Aug. 27 (Bloomberg) -- Credit-rating firms, whose lapses played a central role in the 2008 financial crisis, face broader restrictions on conflicts of interest under rules adopted by the U.S. Securities and Exchange Commission.
The rules, approved on a 3-2 vote today, require firms including Moody’s Investors Service, McGraw Hill Financial Inc.’s Standard & Poor’s and Fitch Ratings Ltd. to ensure they insulate analysts from pressure to please bond issuers, who pay for the ratings. The rules include a strict prohibition on allowing sales motives to influence grades.
Firms also will have to reveal more about the accuracy of ratings, including a common method for disclosing default and downgrade rates of bonds. Credit-rating analysts who leave to join a firm whose product they have graded will have their work immediately re-examined.
“This package of reforms will improve the overall quality of credit ratings and protect against the re-emergence of practices that contributed to the recent financial crisis,” SEC Chair Mary Jo White said in a statement before today’s vote.
The Financial Crisis Inquiry Commission said in its January 2011 report that debt graders led by S&P and Moody’s helped ignite the credit squeeze that began in August 2007 by lowering standards to win business. Investors who bought the complex bonds often relied on ratings that indicated the securities had a very low probability of default.
“The credit-rating agencies, which should have been on the front line sounding the alarm to warn against the coming financial firestorm, instead helped fan the flames,” SEC Commissioner Kara M. Stein said today.
The Dodd-Frank Act of 2010, enacted in response to the crisis, directed the SEC to prevent conflicts of interest from creeping into ratings decisions. The law also required that rating symbols -- such as Moody’s Aaa or S&P’s AAA -- are applied consistently among the different kinds of bonds that credit raters examine.
The rules require that firms establish controls to ensure they follow their own criteria for rating bonds. SEC examinations over the past several years have found that some rating firms didn’t follow their own methodologies while others failed to separate analytical and business functions.
Moody’s “believes that a modernized oversight regime will help increase confidence in the ratings process as well as instill greater discipline in the industry,” said Anthony Mirenda, a company spokesman. “While we have yet to digest the SEC’s new rules fully, we intend to implement and abide by them as published.”
David Wargin, an S&P spokesman, said the company is evaluating the rules to “determine what changes to our operations may be required.”

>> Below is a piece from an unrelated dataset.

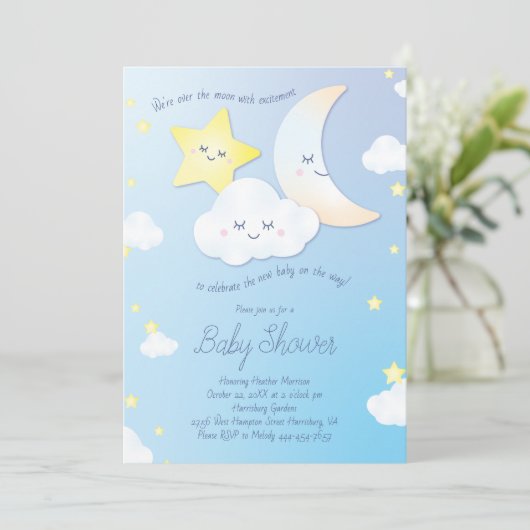 Über den Mond und die Sterne Einladung (Stehend Vorderseite)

“We are committed to the highest standards in our ratings activities and complying with the new requirements,” he said.
The rules also create a process for suspending or revoking the registration of credit raters if a rating is found to have been tainted by sales and marketing motives.
The SEC said seven other smaller credit rating firms, including Morningstar Inc. and Kroll Bond Rating Agency Inc., may apply for exemptions from the conflict-of-interest rules.
Michael Piwowar, a Republican commissioner who opposed the rules, said the agency’s plan is too prescriptive, while the wall between sales and analysis may restrict the ability of ratings firms to grow.
Any ratings firm “that grows its business in any asset class could be suspected of having the ratings determination process ‘influenced by’ sales and marketing considerations,” he said.
The SEC also unanimously approved a separate set of rules that enhance protections for investors who buy bonds backed by mortgages, auto loans and leases, and commercial buildings. Sellers of the bonds will have to provide investors with loan-level data that can be used to judge the riskiness of the securities. The details include the borrowers’ debt levels and credit scores as well as information about loan balances and payments.
The new requirements cover part of the market for mortgage-backed securities that aren’t guaranteed by the government, a market which imploded in 2008. The rules don’t apply to offerings of asset-backed securities that are sold to investors in private placements.
Banks eligible to accelerate sales of asset-backed bonds with minimal SEC review will have to provide an executive’s certification that investor disclosures are accurate. They also will have to provide a process for reviewing soured assets that may be eligible to be repurchased.
“The reforms before us today will add critical protections for investors and strengthen our securities markets by targeting products, activities and practices that were at the center of the financial crisis,” White said in a statement before the vote. “Investors will have powerful new tools for independently evaluating the quality of asset-backed securities and credit ratings.”